Im Kannenstieg tut sich etwas

Das Wohnquartier Otto-Nagel-Straße/Johannes-R.-Becher-Straße macht von sich reden. Das gerade gestartete „Urban Gardening Projekt“ sorge für so viel Furore, dass sich sogar ein Staatssekretär die Sache persönlich im Kannenstieg anschaute.

Staatssekretär Sven Haller vom Ministerium für Infrastruktur und Digitales des Landes Sachsen-Anhalt war neugierig wie Schmidts Katze: „Ich wollte mir persönlich anschauen, wie von uns vergebene Fördermittel bei der Wohnraumsanierung tatsächlich wirken und wie man das teils konfliktreiche Zusammenleben unterschiedlicher Kulturen in einem dicht besiedelten Stadtteil kommunikativer gestalten kann.“ Zu beiden Fragen fuhr der Staatssekretär zwei Stunden später mit Antworten zurück ins Ministerium. So berichtete MWG-Vorstand Thomas Fischbeck, dass nach der Komplettsanierung des Zehngeschossers Otto-Nagel-Straße 8 dank Fördermittel Menschen mit Wohnberechtigungsschein zu Mieten von unter 6 Euro/qm zu beinahe Neubauqualität einziehen konnten. Die Durchschnittsmiete aller sanierten Wohnungen in der Otto-Nagel-Straße 7 und 8 liegt bei 5,91 Euro/qm: „Das hätten wir mit Neubau nie erreichen können. Je Quadratmeter wurden ca. 1.500 Euro im Kannenstieg investiert. Ein Neubau kostet heute zwischen 3.500 und 4.000 Euro“, so Fischbeck.

Eingeschlossen sind hierbei die Schaffung von Gemeinschaftsräumen im Erdgeschoss für Begegnungen der Familien, aber auch Abstellräume für Fahrräder, Kinderwagen und ein Hausmeisterbüro.

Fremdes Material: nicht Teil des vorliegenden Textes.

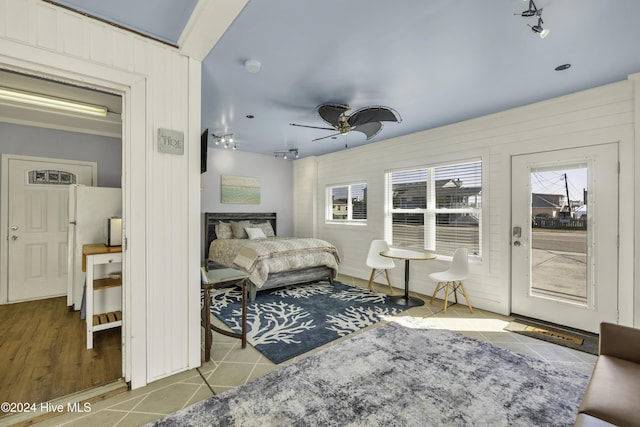 bedroom featuring tile patterned floors, freestanding refrigerator, and a ceiling fan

Das begeisterte auch Dr. Ingo Gottschalk, Beigeordneter Soziales, Jugend und Gesundheit: „Ich freue mich über solche Projekte sehr, berücksichtigen sie doch auf charmante Weise die Interessen von Familien nach Kommunikation und Gemeinsamkeit mit der Nachbarschaft.“ Statt der in Plattenbau-Zehngeschossern üblichen 2- und 3-Raum-Wohnungen kann die MWG durch Grundrissänderungen nun u. a. mehr 4-Raum-Wohnungen anbieten: „Bis auf eine Wohnung, die erst vor wenigen Tagen durch einen Auszug frei geworden ist, sind alle vermietet.“

Angesichts des teils schwierigen Zusammenlebens verschiedener Kulturen im Quartier, in dem es neben den MWG-Eingängen auch Wobau-Häuser gibt, konnten die Geschäftsstellenleiter von Wobau (Tobias Hoffmann) und der MWG (Torsten Wiemann) über eine Idee berichten, die wider Erwarten Wirkung zeigt: „Wir haben den Zaun zwischen unseren Innenhöfen abgebaut und stattdessen acht Hochbeete gesetzt. Die Idee des Unternehmens ,Ackerpause’ fanden wir alle zwar großartig, waren aber skeptisch, ob die Umsetzung des sogenannten Urban Gardening Projektes im Kannenstieg funktioniert.“ Einige Wochen später deutet sich an, dass die Beetpatenschaften funktionieren. Bei Hallers Besuch wuchsen noch in allen Beeten Radieschen, Salat, Erdbeeren und Kräuter heran. Statt des gefürchteten „Pflanzenklaus“ sieht man eifrige Mieter verschiedener Nationen, die die Pflanzen täglich gießen. Das „Urban Gardening Projekt“ wird durch MWG, Wobau und dem Unternehmen „Ackerpause“ betrieben. Darüber hinaus gibt es eine Kooperation beider Wohnungsunternehmen mit der Stadt zur Verbesserung des Zusammenlebens im Kannenstieg. In diesem Zuge übernimmt die arabische Sozialarbeiterin Frau Hijazi als Mitarbeiterin zur Integrationgemeinwesenarbeit Aufgaben und schafft gemeinsame Angebote.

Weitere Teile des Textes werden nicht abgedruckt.